By 2038, 34,167 new units of affordable rental housing will be needed, the report says. The projections are based on an analysis of census, population growth and migration data and housing development, affordability and homelessness trends. “Without policy intervention and investments from government, current and future residents are likely to continue to face extreme hardship in the area of housing affordability,” the report says.
Victoria Mayor Lisa Helps called the numbers a “reality check,” adding that 2038 is “arguably just around the corner.”
An analysis found that the CRD’s best option is to focus on creating more rental units for households with incomes ranging from very low (less than $20,000 a year) to moderate ($35,000 to $55,000 year), the report says. It projects rental unit demand for those incomes will total more than 17,000 units by 2038 — about half of the estimated total rental demand of 34,167 new units.
The CRD has an overall vacancy rate of 0.7 per cent, including a vacancy rate of zero for three-bedroom units, “which creates upward pressure on rents, fewer housing choices for low-to-moderate income households and a worsening of the overall affordability profile,” the strategy says.
The report notes that there are approximately 24,855 purpose-built rental apartment units across Greater Victoria.
Between 2011 and 2016, 9,340 new households were added in the region, it says. Of those, almost 80 per cent chose to rent, but only 1,026 new rental housing units were added.
Excess rental demand was absorbed through the secondary rental market (single detached homes, basements, garden suites and rented condo units), the report says.
The average market rent in the Greater Victoria went up eight per cent or $78 in 2016 to $1,072. Newer, purpose-built rental housing stock rents at a much higher rate, with a twobedroom unit in the Greater Victoria built after 2005 renting at $1,527 a month.

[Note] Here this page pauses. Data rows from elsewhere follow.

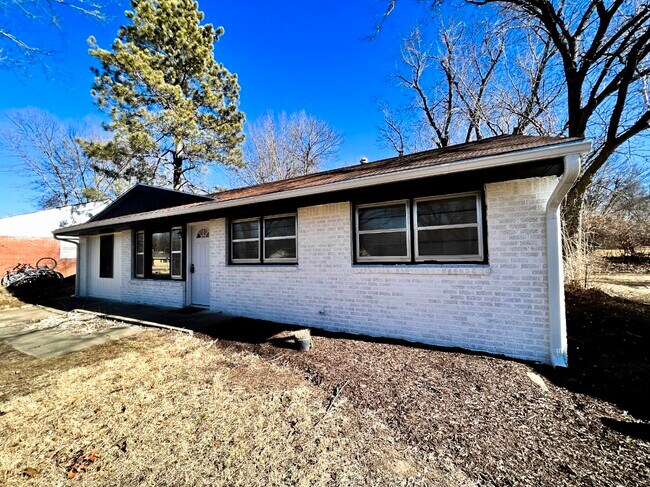 Building Photo - 1416 Hartford Rd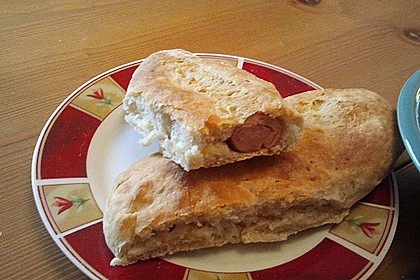 Wienerle im Brötchenteig 11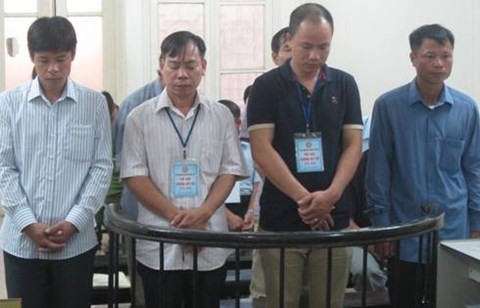 Nhóm cựu cán bộ xã, huyện ở Thạch Thất bị đưa ra tòa xét xử. Ảnh: An ninh Thủ đô
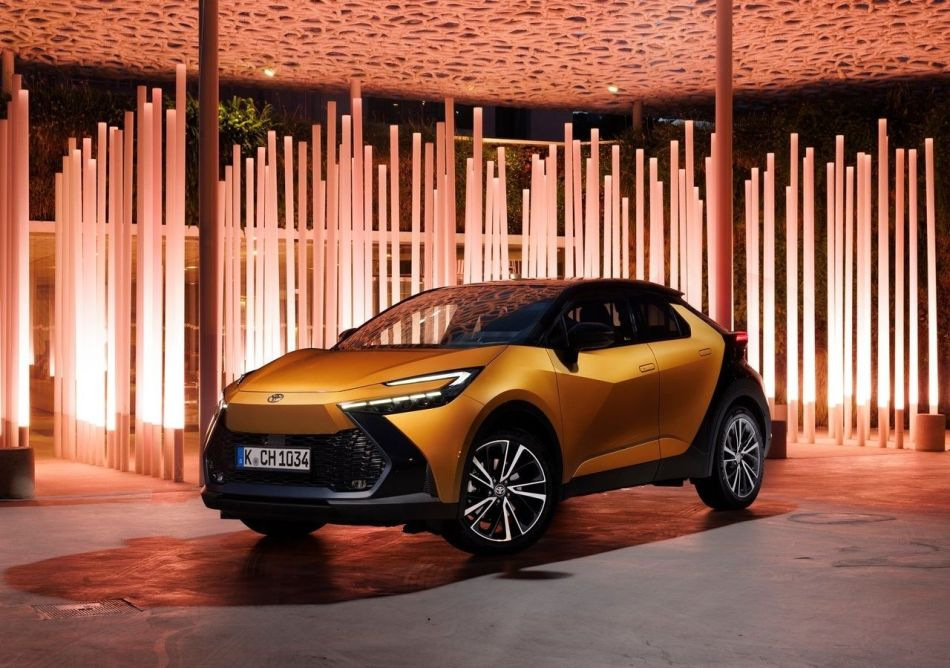 Koeajo: tyylikäs hybridicrossover Toyota C-HR, 2. sukupolvi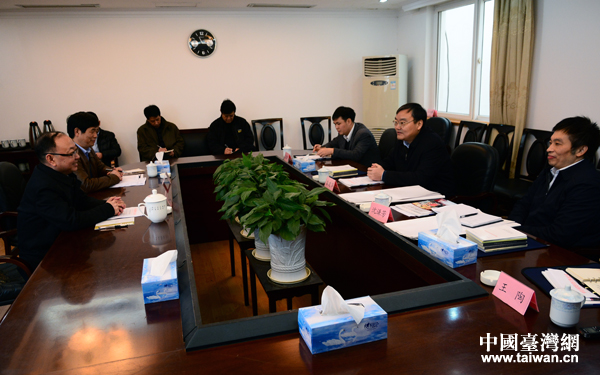 江西省委常委、省委秘书长龚建华在省台办座谈 江西省委常委、省委秘书长龚建华在省台办座谈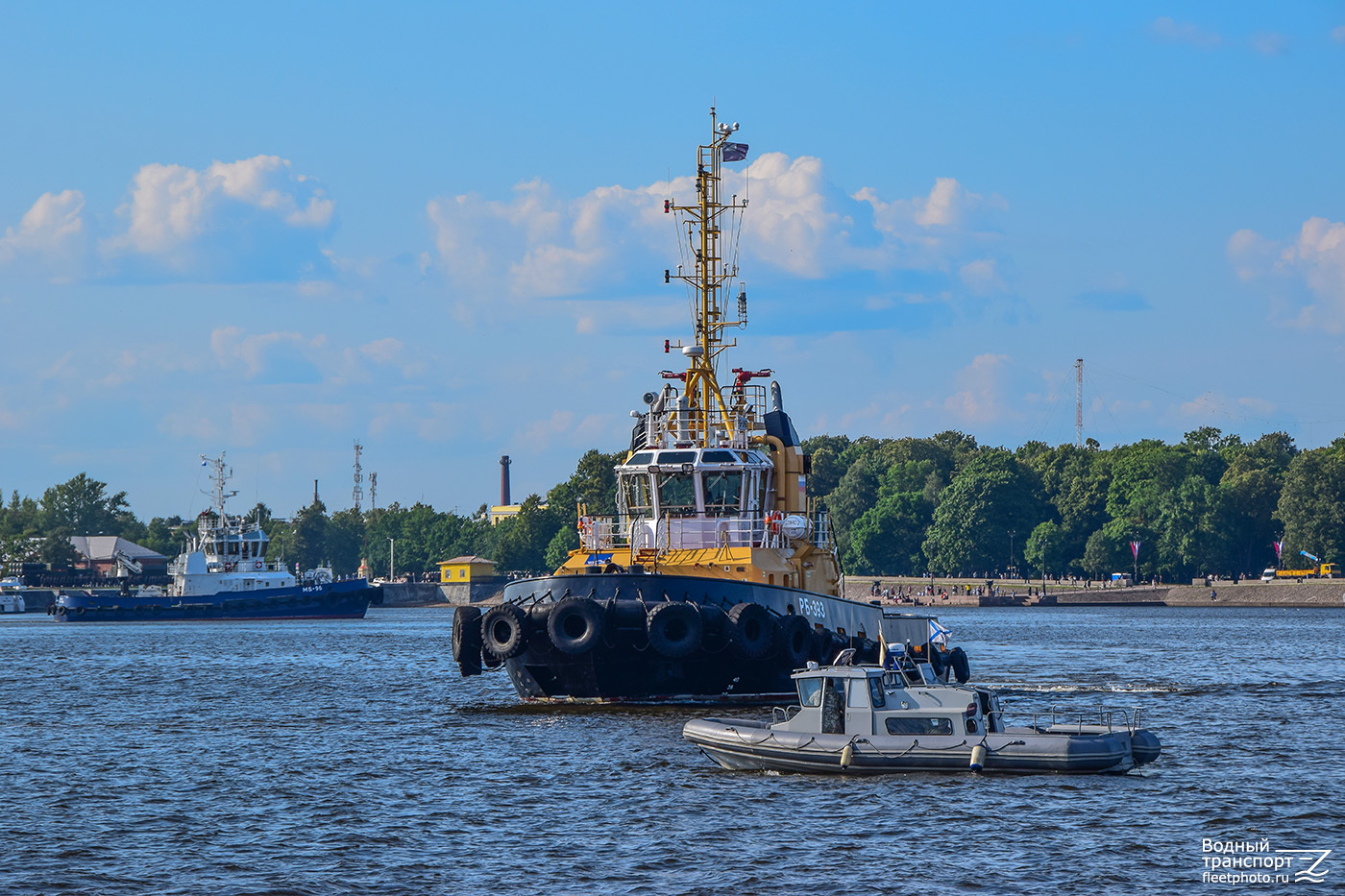 РБ-393, Неопознанное судно - проект БЛ-820 исполнение 1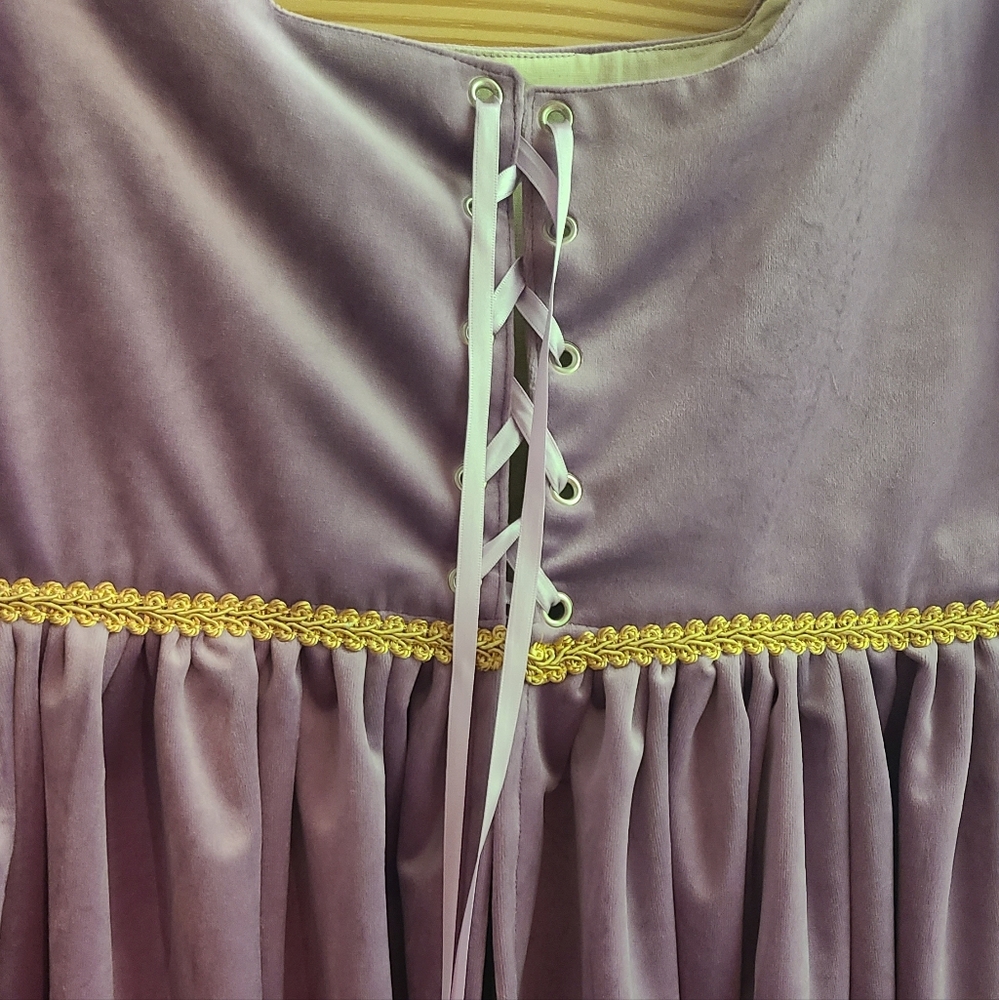 Purple Italian Renaissance Dress - Picture 6 of 14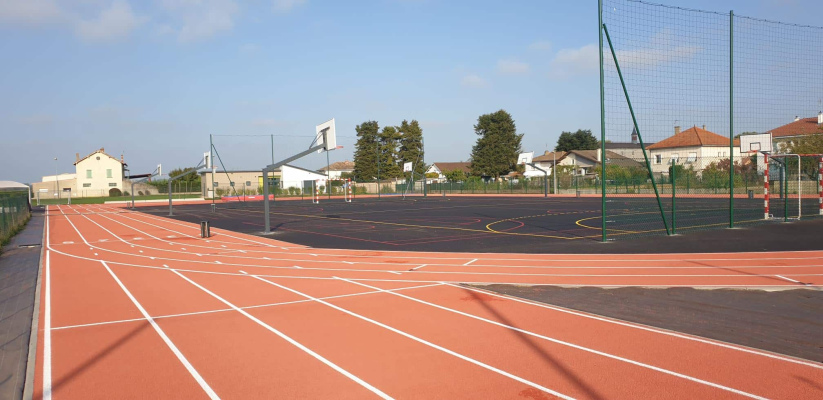 Piste de sport avec terrain de basket et filets.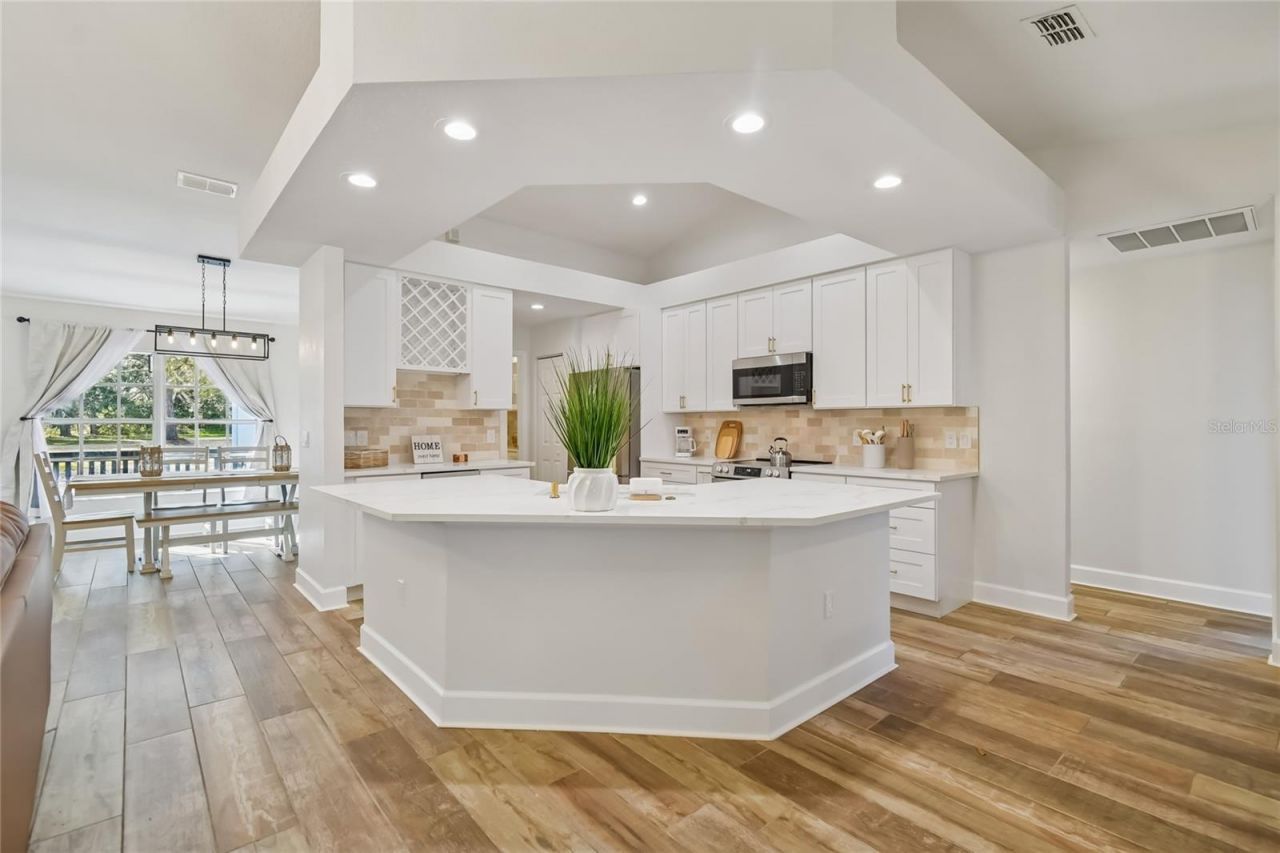 2513 N Valrico Road, Seffner, FL 33584 Photo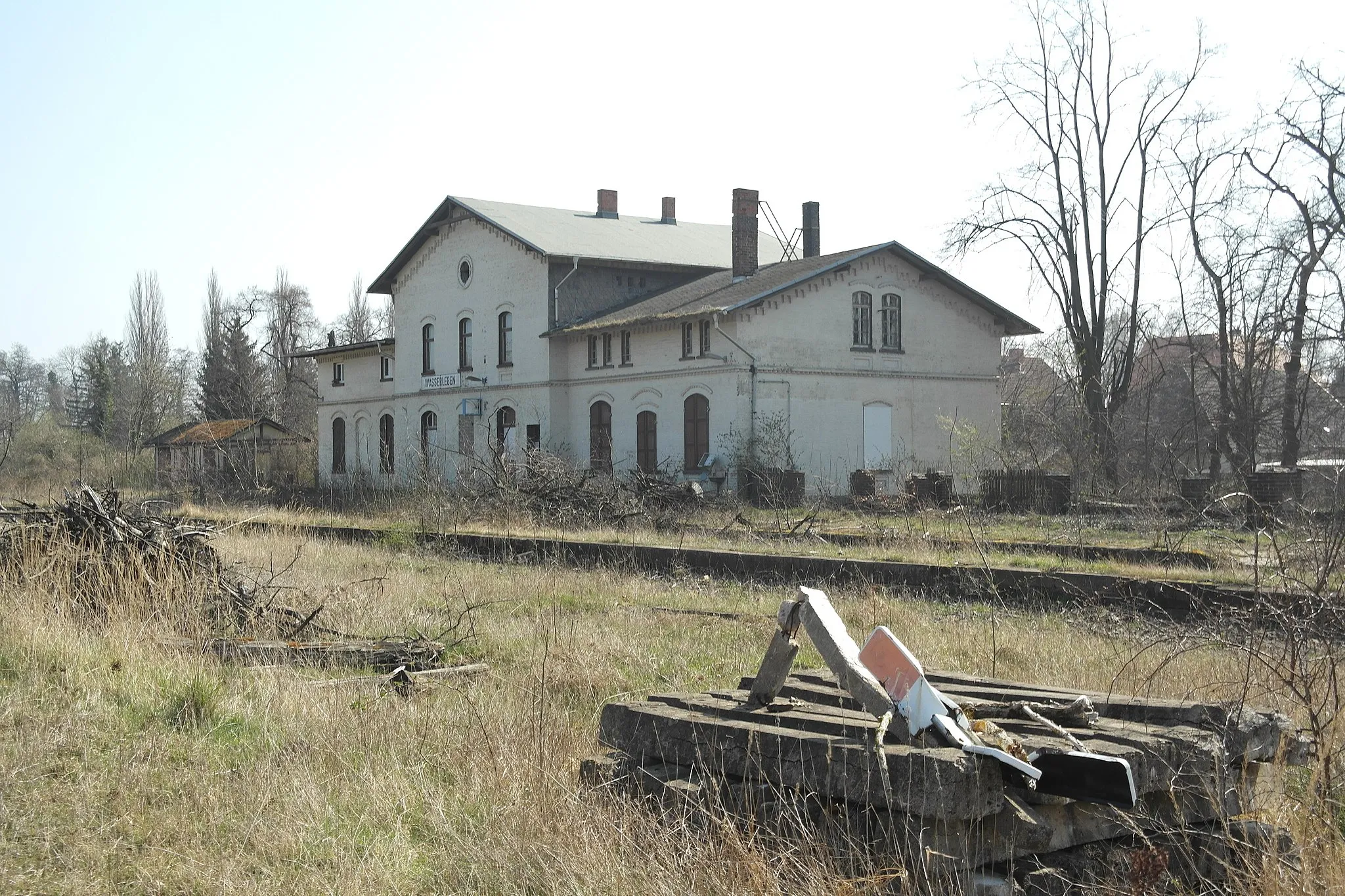 Photo showing: Bahnhof Wasserleben, Gleisseite mit Bahnsteigresten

View Royal Mayor David Screech and Victoria Coun. Marianne Alto, both committee members, called the numbers “staggering.”
Directors agreed to a suggestion from Helps that the definition of “affordability” be linked to the costs of transportation.
“The new metric is that if people are spending more than 45 per cent of their income on housing and transportation [combined], then it’s unaffordable,” Helps said, noting the old formula was that housing was unaffordable if it cost more than 30 per cent of a person’s income.
“If you can walk downtown to work, maybe you can afford to spend 45 per cent of your income on units that are closer to downtown or closer to transit,” Helps said.
The capital region Housing Corporation owns and manages 1,286 units of affordable rental housing for households with low- to moderate-incomes within 45 non-market housing developments in seven municipalities.